Wrong. So so so very wrong. Jane Eyre is just so so so so very sublime. [And, yes, this is the first time I used that word on the blog. I checked.]
Sarah Waters has a blurb for this edition of the novel [you can see it in the picture above if you go clicky to enlarge it]. “You have to be grown-up to really get it.” My first thought: How lame is that as a blurb? My second thought: How insulting is it to all the nine-year-olds out there who are, at this very moment, picking up Jane Eyre? My third thought, Is this true?
I have no answers now, nor will I attempt to. I suppose that the more I write about this lovely book, the more I’ll be able to articulate the distinctions–the specialness–of reading this novel at 9, and then reading it again [more memorably, as life-changing-ly] nearly twelve years later. But I am somehow very sure that I won’t be disparaging anyone, whatever age they were when fate decided to hurl Jane Eyre their way. Take that, Sarah Waters. Humph. [That is still a lame blurb, really.]
So. On to Part 02 of the Rereading Jane Eyre series: The first few months at Thornfield Hall–and, forgive me for the first of many Rochester-centric posts–meeting Edward Fairfax Rochester, and Jane just a teensy bit relenting to love him.

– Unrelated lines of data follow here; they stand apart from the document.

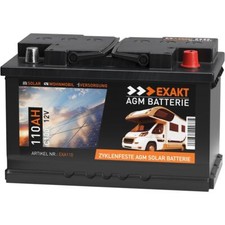 AGM Solarbatterie 110Ah 12V Wohnmobil Versorgung Boot Solar Batterie Gel 100Ah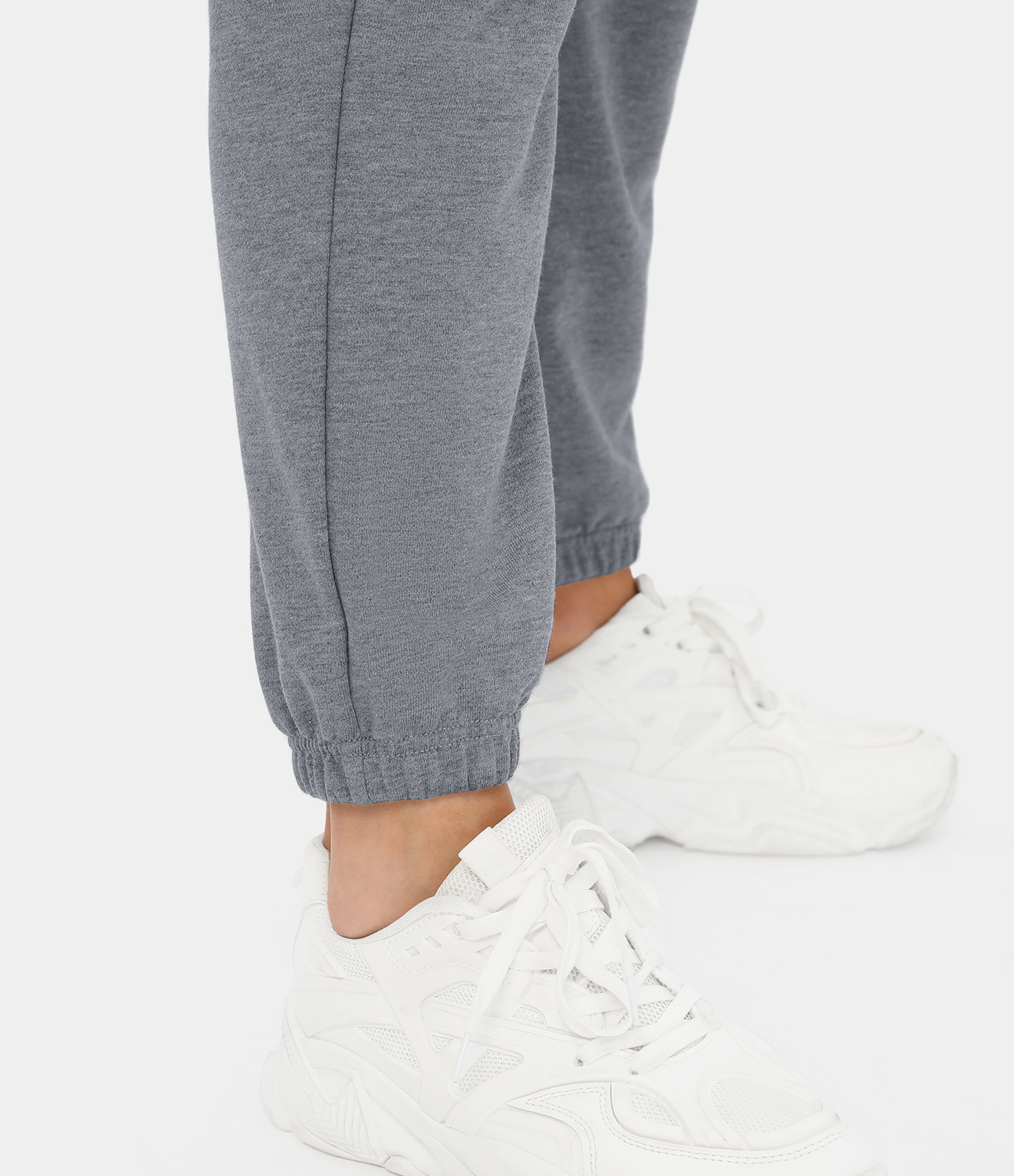 Halara High Waisted Drawstring Side Pocket Plain Casual Cotton Sweatpants  - Fog Gray - M 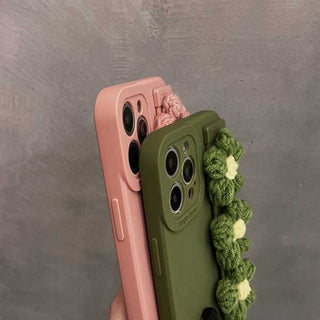 Auramma Collections Matte Plain Dusty Pink Green TPU Case Matching Slide Decorated with Matching Color Knitted Flowers for iPhone 13 12 11 Pro Max Mini X XS XR 7 8 Plus
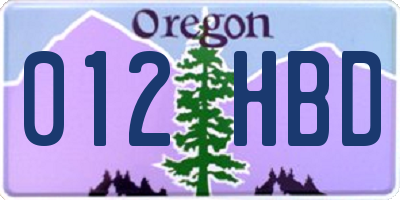 OR license plate 012HBD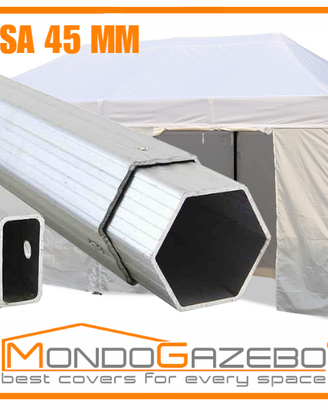 Gazebo pieghevole 3x6 alluminio 45 mercato 6x3 mt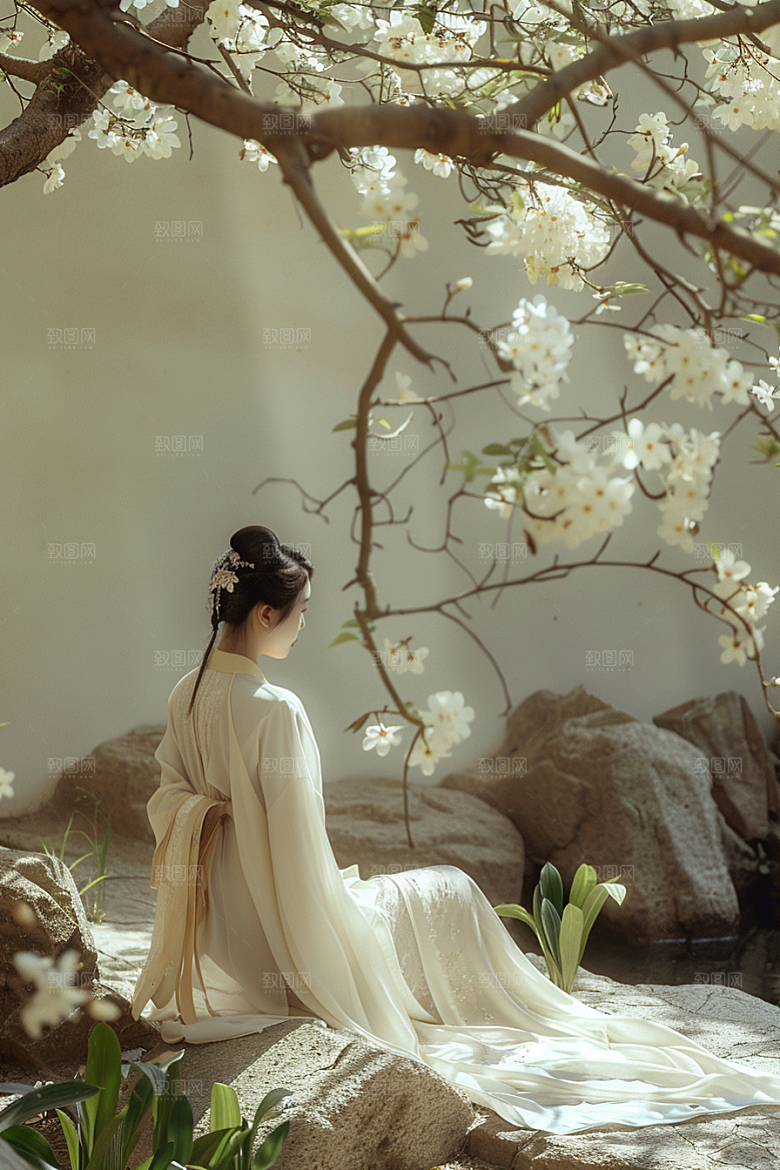 花卉汉服人物中国风园林摄影图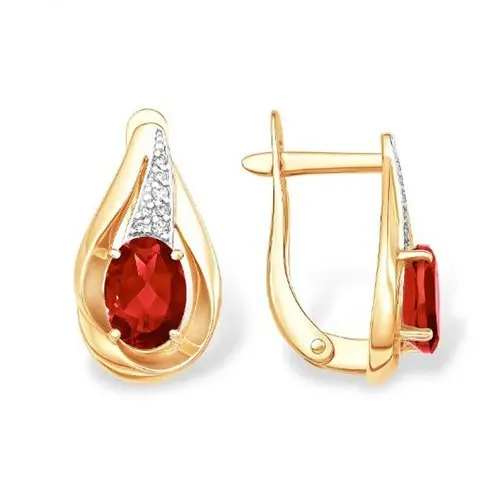 Серьги с английским замком из комбинированного золота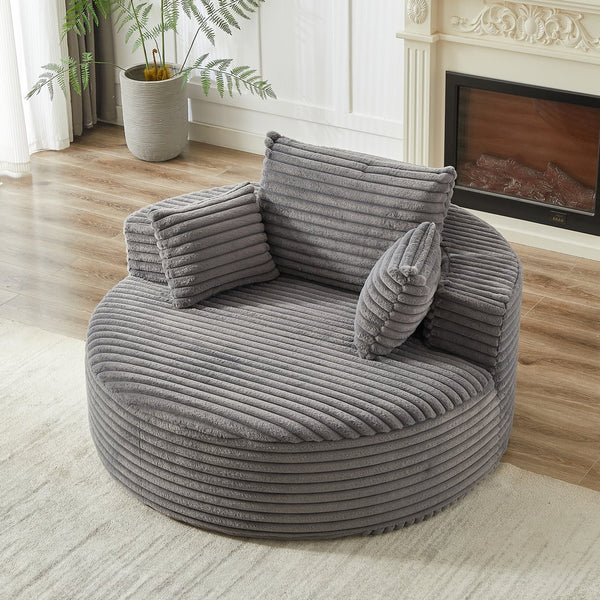 English Elm 55'l Chenille Round Sleeper Chair Fluffy Sculptural Seat for Living Room or Bedroom Grey W834P401583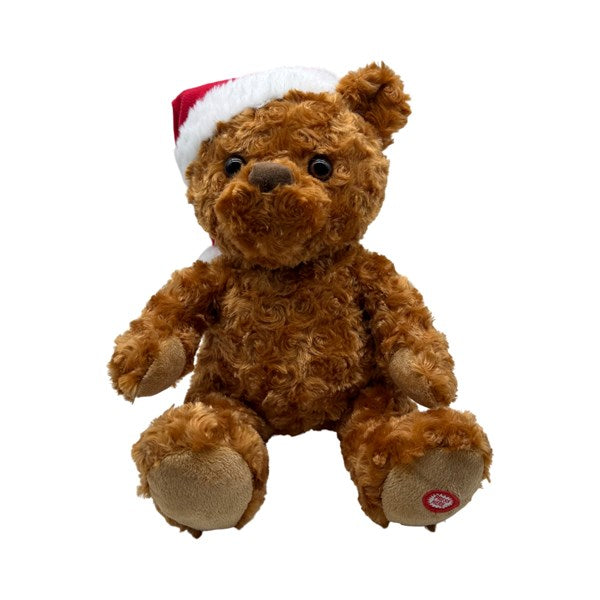 Animated Teddy Bear in Santa Hat - 30cm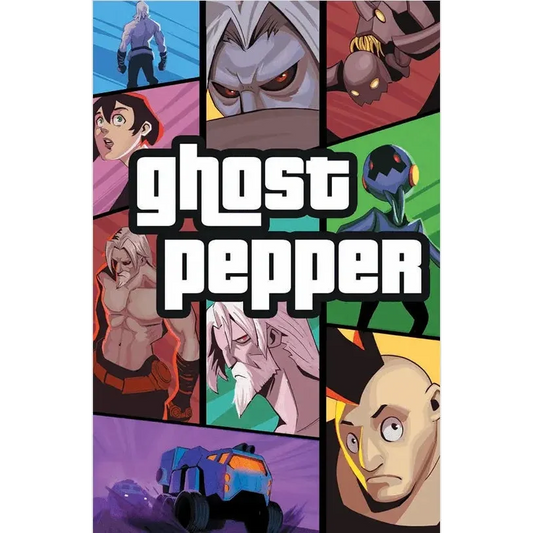 Ghost pepper #1 ECC exclusive Santiago Venegas GTA variant cover art with bold white lettering and colorful comic panels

And, a warning, this is a quote-heavy post. I have fallen in love with the language.
* * *
It is a very strange sensation to inexperienced youth to feel itself quite alone in the world, cut adrift from every connection, uncertain whether the port to which it is bound can be reached, and prevented by many impediments from returning to that it has quitted. The charm of adventure sweetens that sensation, the glow of pride warms it; but then the throb of fear disturbs it…
♦ Meeting Rochester, without knowing he is Rochester. An ominous meeting, and immediately Jane observes that he is a rare new image in her life–for the very fact that he is a man. Also, dude is “dark, strong, and stern.” Yihee. Meeting him as Rochester, calling him “my traveller.” OMG, YIHEE. Ahem.
♦ I never realized that Edward Fairfax Rochester was such a flirt. Did this fail to register years ago? Or am I simply more susceptible to surly older men who are so wry with their joke deliveries that you have to take a couple of moments to figure out what’s the what? [I am looking at you, Boyfriend.] I don’t remember him being so, sternly teasing [?!]. Him talking about how they met, for example, how Jane supposedly bewitched his horse. ♦ Also, way to charm a girl’s heart, Eddie:
“. . . you are not pretty any more than I am handsome . . .”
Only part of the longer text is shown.